Migros a transféré ses employé-e-s en charge des dégustations et des promotions dans une nouvelle entreprise, péjorant au passage leurs conditions de travail. Grâce au courage de salariées, et à l'aide de la télévision suisse SFR et de Syna, une solution de transition équitable a pu être trouvée.
Les employé-e-s d'un département de Chocolat Frey ne semblaient pas avoir à s'inquiéter lorsque leur employeur leur a annoncé, en automne dernier, leur transfert dès 2019 à Trade Mark Intelligence (TMI), une entreprise indépendante de Migros: tout devait continuer comme par le passé. Ils ont rapidement déchanté.
Perte de la CCT
Le personnel Migros bénéficie de l'une des meilleures conventions collectives de travail (CCT) de Suisse. La loi stipule que, lors d'un transfert, une CCT en vigueur doit être appliquée par la nouvelle entreprise durant au moins un an. Cependant, la CCT en vigueur chez Migros en 2018 a été remplacée par une nouvelle CCT en 2019. TMI devrait donc utiliser une CCT… qui n'est plus valable. Migros a usé d'une manœuvre juridique douteuse pour priver 230 employé-e-s de leur CCT!

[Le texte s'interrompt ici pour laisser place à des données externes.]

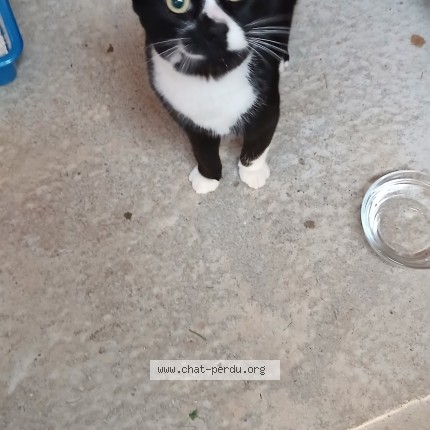 Photo de chat trouvé à Bouffere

Informations insuffisantes
Or le personnel de TMI, qui n'a reçu que de vagues explications, n'en a pas été explicitement informé. Selon la loi, le personnel doit approuver son transfert dans une nouvelle entreprise. Ce qui signifie un licenciement de facto pour les employé-e-s qui refusent. Nombreux sont donc ceux qui ont approuvé le transfert, bien que TMI ne leur ait pas encore montré leur nouveau contrat de travail. Ils pensaient que rien n'allait changer…Conditions de travail très précaires
Pourtant, mauvaise surprise, les nouveaux employé-e-s de TMI se sont vu proposer du pseudo-travail sur appel, sans aucune garantie de salaire (voir encadré). TMI a aussi baissé les salaires horaires, ce qui signifie qu'une grande partie du personnel n'atteint plus le minimum légal pour cotiser à la caisse de pension. Une catastrophe pour des employé-e-s du commerce de détail, une branche à bas salaires.
La résistance
Plusieurs courageux employées de TMI se sont alors adressées à l'émission Kassensturz – équivalent alémanique d'«À bon entendeur» – et des membres Syna ont contacté nos secrétariats régionaux. Un reportage télévisé a exposé la situation, soumettant Migros à une forte pression de l'opinion publique. De nombreux client-e-s ont exprimé leur indignation, allant parfois jusqu'à résilier leur adhésion à la coopérative Migros.
Il n'a fallu que quelques jours à TMI et Migros pour garantir, pour un an au moins, les anciens revenus et conditions de travail. Migros s'efforce par ailleurs d'augmenter le nombre de dégustations et promotions. C'est un succès pour les personnes concernées, qui ont à présent un an pour décider si elles veulent continuer de travailler pour TMI. Pour la plupart d'entre elles, une brusque précarisation aura ainsi été évitée.
Cela montre l'importance de ne pas accepter sans rien dire les péjorations des conditions de travail. Syna est toujours prêt à vous soutenir dans votre lutte.
La prudence est toujours de mise pour les contrats de travail sur appel, qui autorisent les patrons à employer leurs salarié-e-s de manière extrêmement flexible. En principe, les salarié-e-s doivent se tenir disponibles pour une éventuelle affectation et sont payés pour cela, même lorsqu'ils n'accomplissent aucun travail. Un taux d'occupation minimal leur est souvent garanti.
Ce qui pose problème, c'est le pseudo-travail sur appel, où les employé-e-s ne sont avertis d'une affectation qu'à court terme et ne sont payés que pour le temps travail accompli, sur la base d'un salaire horaire. Ils sont certes libres de refuser une affectation qui ne leur convient pas, mais renoncent alors à être payés. L'employeur ne leur garantit pas un nombre minimal d'affectations, ce qui signifie que les salarié-e-s ne peuvent planifier ni leurs horaires, ni un salaire mensuel régulier.